Texas Rules Favored for Concrete-Crushing Plant

     HOUSTON (CN) – Houston cannot block construction of a concrete-crushing plant approved by state regulators, the Texas Supreme Court ruled.
     Hoping to move its concrete-crushing plant to a new Houston location, Southern Crushed Concrete applied to the Texas Commission on Environmental Quality in 2003 for an air quality permit.
     During the review by state regulators, however, a school sprang up near the proposed site. The proposal took another hit in May 2007 when the city of Houston passed an ordinance requiring concrete-crushing plants to get a municipal permit.
     While Texas law prohibits such operations within 1,320 feet of a school, the city’s ordinance reaches farther with a 1,500-foot embargo.
     State regulators nevertheless granted Southern Crushed its requested air quality permit in August 2008, finding it would not violate Texas’ location requirements.
     Houston found, however, that site would not meet the location restrictions in its ordinance and it refused to grant Southern Crushed a municipal permit.
     Southern Crushed then challenged the constitutionality of Houston’s law, seeking an injunction against its enforcement and an order that state statute pre-empts it.
     Houston prevailed both before the trial court and the 14th Court of Appeals, which held that the city ordinance is neither pre-empted nor unconstitutional.
     The Texas Supreme Court reversed Friday after finding that the state permit is all Southern Crushed needs to go ahead with its plant.
     Texas law forbids a city from restricting an act authorized by the Texas Clean Air Act, or state regulators, according to the ruling.
     “The city counters that the ordinance does not make unlawful an act authorized by the commission, arguing that the permit merely removed one government-imposed barrier to operations but did not affirmatively authorize anything,” Justice Debra Lehrmann wrote for the nine-judge court on Friday. “We disagree.
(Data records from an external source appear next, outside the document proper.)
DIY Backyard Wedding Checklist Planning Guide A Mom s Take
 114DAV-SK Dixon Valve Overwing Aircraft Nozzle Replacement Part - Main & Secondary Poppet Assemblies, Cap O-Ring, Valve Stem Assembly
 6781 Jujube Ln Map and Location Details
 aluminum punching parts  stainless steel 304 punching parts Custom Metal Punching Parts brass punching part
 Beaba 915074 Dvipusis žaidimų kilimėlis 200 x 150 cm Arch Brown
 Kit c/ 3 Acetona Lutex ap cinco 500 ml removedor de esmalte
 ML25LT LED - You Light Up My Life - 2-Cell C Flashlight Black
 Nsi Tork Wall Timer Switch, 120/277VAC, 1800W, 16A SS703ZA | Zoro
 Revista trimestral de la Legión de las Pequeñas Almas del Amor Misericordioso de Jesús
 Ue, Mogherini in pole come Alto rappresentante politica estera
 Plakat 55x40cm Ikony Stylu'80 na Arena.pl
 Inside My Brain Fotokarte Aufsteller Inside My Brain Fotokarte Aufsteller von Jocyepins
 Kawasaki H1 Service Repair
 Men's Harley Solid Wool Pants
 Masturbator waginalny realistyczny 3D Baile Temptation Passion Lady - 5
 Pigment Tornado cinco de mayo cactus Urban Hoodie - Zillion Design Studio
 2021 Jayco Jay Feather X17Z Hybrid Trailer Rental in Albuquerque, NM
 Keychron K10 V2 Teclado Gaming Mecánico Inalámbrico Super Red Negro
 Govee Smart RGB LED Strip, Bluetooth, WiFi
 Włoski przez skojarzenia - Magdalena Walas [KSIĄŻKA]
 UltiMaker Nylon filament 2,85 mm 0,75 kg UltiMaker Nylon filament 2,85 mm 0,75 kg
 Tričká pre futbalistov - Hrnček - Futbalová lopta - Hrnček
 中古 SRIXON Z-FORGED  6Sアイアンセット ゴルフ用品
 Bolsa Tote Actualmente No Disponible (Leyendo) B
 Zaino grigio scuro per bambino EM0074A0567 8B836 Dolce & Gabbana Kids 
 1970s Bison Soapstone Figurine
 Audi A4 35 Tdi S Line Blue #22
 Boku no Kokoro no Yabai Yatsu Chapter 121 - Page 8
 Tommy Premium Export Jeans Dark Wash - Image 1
As Justice Brown noted in his dissent in the court of appeals, the city effectively argues that ‘the permit the commission issued to [SCC] ‘authorizing the construction and operation of’ a concrete-crushing facility is not actually that.’ The city’s argument is inconsistent not only with the permit language, but also with Texas law, which defines permit to mean ‘an authorization by a license, certificate, registration, or other form that is required by law or state agency rules to engage in a particular business.'” (Emphasis in original.)